The problem is in the systems that we use to communicate with customers and other partners but that aren’t considered products. These software tools and web applications often don’t use Unicode and so impose random restrictions on the languages that can be used. And that’s bad because Sun has partners worldwide and needs to speak their languages and listen in their languages.

One negative example is our bug tracking system. This is not a creaky relic from the last millennium, but a brand-new system, developed within Sun, deployed in summer 2004, and using the whole range of modern software technologies. The main front end for Sun-internal use is a Java Web Start-deployed Swing application, which of course lets you input characters in any of the 14 writing systems supported by the Java platform. But if you try to save a bug report that contains, say, Chinese characters, you get this lovely alert:

Alert: One or more characters in the field Note: Description are not in the extended-ASCII character range. Please remove those characters.

The reason is that the back end system has been configured to use the ISO 8859-1 character encoding, which restricts all text to English and a few other western European languages. Text in any other language cannot be stored in any text field. The only workaround is to store it as a binary attachment, which makes it inaccessible to search and difficult to access in general.

As part of opening up its development processes, Sun also offers a front end for public use, the bugs.sun.com web site, which allows anybody to submit and track bug reports against a number of Sun products. Following the lead of the bug database, this web site also uses ISO 8859-1 for all text. In this case, if a user includes non-Latin text in a bug report, she usually won’t even get an alert – the browser will just silently convert the text to question marks or, if we’re lucky, to numeric character references, making it rather difficult for engineers to understand what the bug is about. The web site does not accept or display attachments, so the workaround for the internal front end is incompatible with the public front end.

The reason given for the restriction to ISO 8859-1 is that all Sun employees speak English, and therefore internationalization isn’t necessary. This obviously ignores that a bug tracking system isn’t just about Sun employees communicating with each other; it’s about customers and developers communicating with Sun employees about problems that customers have when processing their data.

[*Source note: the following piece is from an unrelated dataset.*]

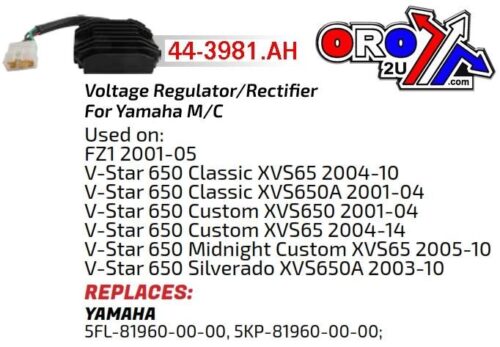 REGULATOR Yamaha XVS, FZ1, AYA6039, 5KP-81960-00-00, ROAD, 5FL-81960-00-00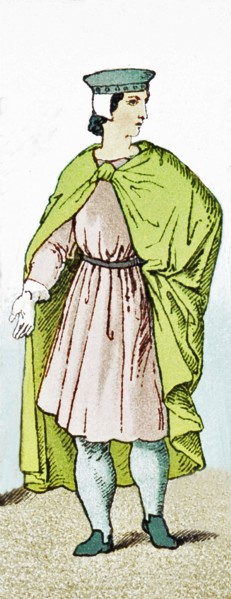 The figure in the illustration represents a French nobleman around A.D. 1200. The illustration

The data can be in any language that customers use, and so the bug tracking system needs to be able to represent text in any language. Removing “those characters” may make it impossible to investigate and fix a bug.

The language in which customers, developers and Sun employees communicate about bugs is a separate issue from the data. Sun obviously prefers such communication to be in English, because it makes it easier for us to pass the information around within Sun. However, if a customer speaks only Thai and runs into a problem in processing Thai text using Sun products, wouldn’t we prefer that she submit a bug report in Thai rather than immediately switching to a competitor’s product? Most Sun engineers don’t speak Thai, but some do, so we can get help if necessary – if the text survives in the bug tracking system.

The bug tracking system isn’t the only tool that obstructs communication with unnecessary technical restrictions. Other examples include the software behind the Java developer forums, which corrupts non-ASCII text and so makes it difficult for developers to discuss internationalization problems, and the developer feedback forms, which use ISO 8859-1 and so block feedback in non-Latin languages.

Sun has realized that open communication with customers, developers, and other partners is critical to its future success. Limiting the communication to English or a small set of other western European languages means limiting our success worldwide. That’s why using Unicode everywhere is an important first step. The site on which this blog appears, blogs.sun.com, shows the way: It enables daily communication between Sun and the world in Chinese, English, and Japanese; and occasional blogs in French, Hungarian, German, and Korean show that more is possible. All components of blogs.sun.com, of course, use Unicode.